Farecast
- Website type: Airfare prediction website
- Owners: Farecast Inc.; acquired by Microsoft in 2008
- Website: farecast.com (archived)
- Commercial: Yes
- Launched: May 15, 2007
- Current status: Defunct; Bing Travel still exists as of 2025 but without airfare predictions

= Farecast =

Airfare prediction website in the computer reservations system industry

Farecast (acquired by Microsoft and rebranded Live Search Farecast in 2008, then Bing Travel in 2009, and finally MSN Travel in 2015, when its underlying technology had been discontinued) was an airfare prediction website in the computer reservations system industry. It launched in beta in 2006 and premiered to the public on May 15, 2007. Until 2014, it offered predictions regarding the best time to purchase airline tickets.

==History==
Farecast was founded in 2003; Farecast's team of data miners used airfare observations to build algorithms to predict future airfare price movements. Founded by Oren Etzioni, it launched in beta in 2006 and premiered to the public on May 15, 2007.

In April 2008, Farecast was acquired by Microsoft for $115 million. Microsoft officially integrated it as part of its Live Search group of tools in May 2008.

On June 3, 2009, Microsoft officially rebranded "Live Search Farecast" as "Bing Travel" as part of its efforts to create a new search identity with Bing. In 2009, there were allegations that Bing Travel had copied its layouts from Kayak; Microsoft denied the allegations. In January 2014, the airfare prediction feature, which was previously the flagship feature of Farecast, was removed from Bing Travel.

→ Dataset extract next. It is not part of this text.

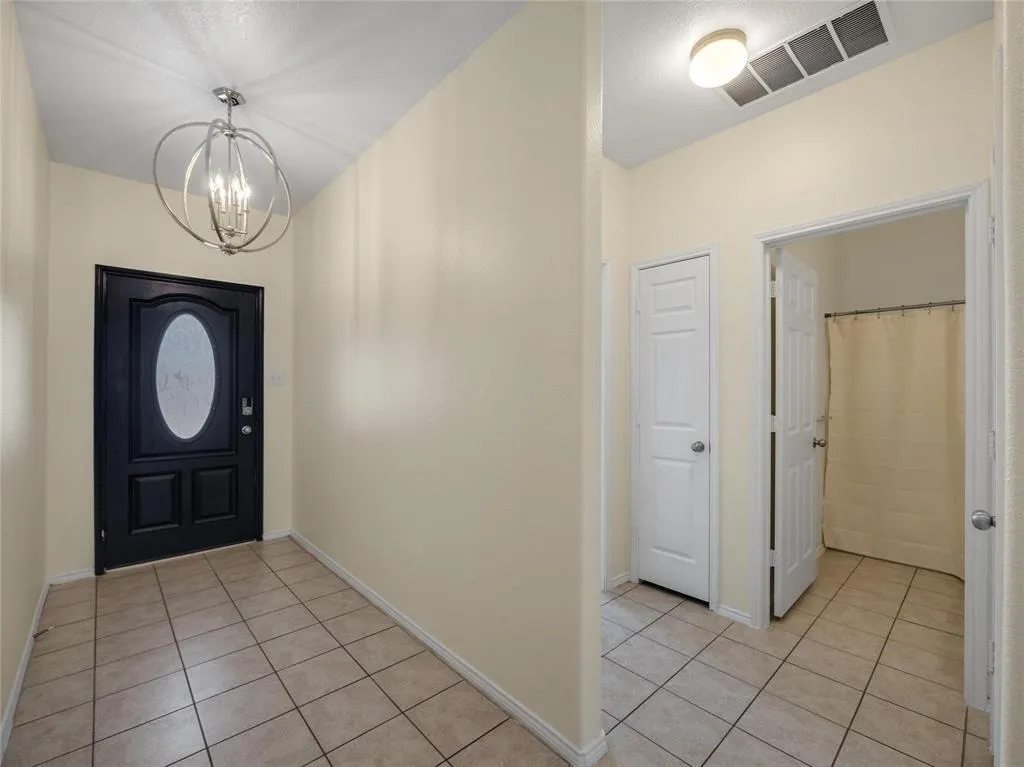 3001 Hickory Ridge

In May 2015, Microsoft rebranded "Bing Travel" to "MSN Travel" and, for some time, redirected the Bing Travel website to MSN Travel. In August 2015, however, Microsoft shut down its MSN Travel app, and the MSN Travel flight search pages changed from being powered by Kayak to competitor Skyscanner. Microsoft later shut down the MSN Travel website entirely, but as of 2025, Bing retains a Bing Travel search section on its website.